*Exercise*
Return exactly the lines from the one containing "A reception area" through the last line of the records below, both included, and leave out any pictures.
(Beginning of Materials provided)
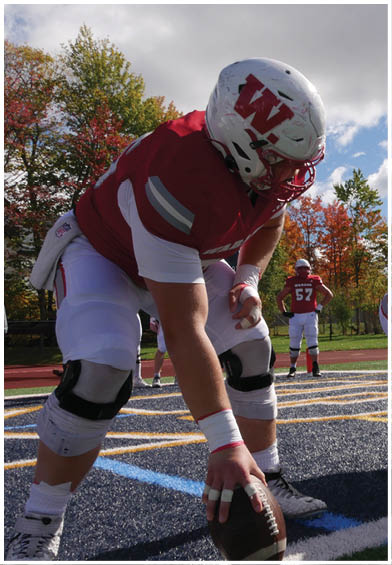 A group of people wearing red sports jerseys are sitting closely together, with one person in the center looking down thoughtfully. Description generated by AI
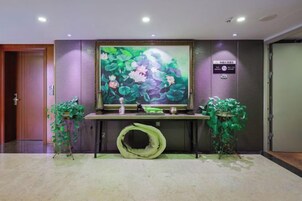 A reception area with a large floral painting, a reception desk, and two potted plants.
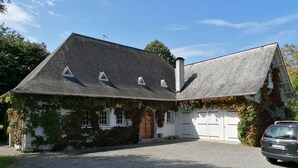A house with a sloped roof, a chimney, and a garage.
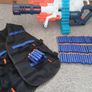 Nerf Gun extra large with bullets and gun vest to hold bullets. Image 3
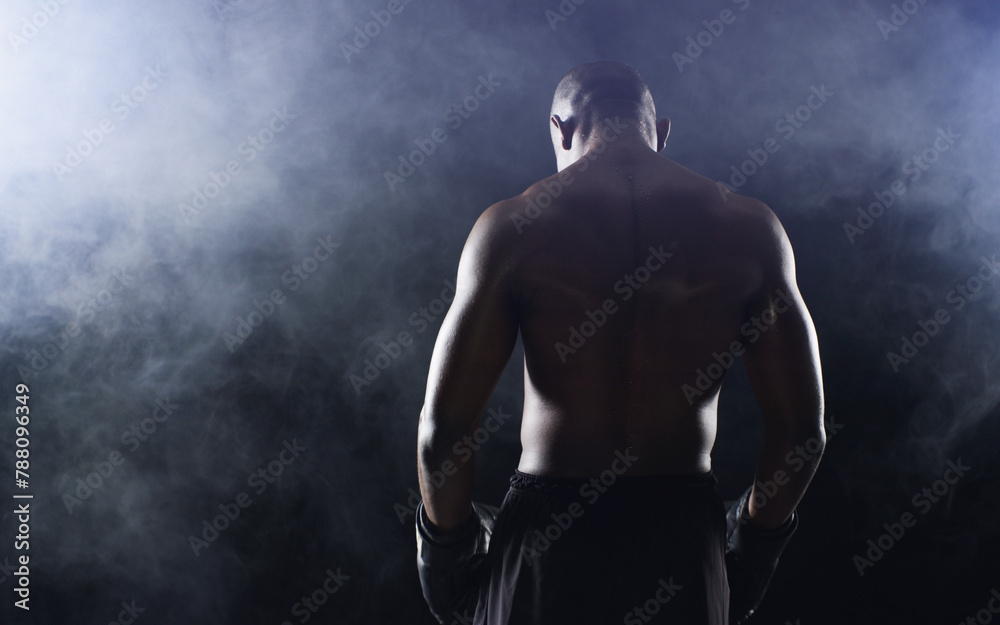 Obraz premium Man, boxer and back of fighter athlete on black background in studio with smoke mist, competition or muscle. Male person, gloves and rear view for sports exercise with endurance, training or serious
(End of Materials provided)
*Task solution*
 A reception area with a large floral painting, a reception desk, and two potted plants.
A house with a sloped roof, a chimney, and a garage.
 Nerf Gun extra large with bullets and gun vest to hold bullets. Image 3
 Obraz premium Man, boxer and back of fighter athlete on black background in studio with smoke mist, competition or muscle. Male person, gloves and rear view for sports exercise with endurance, training or serious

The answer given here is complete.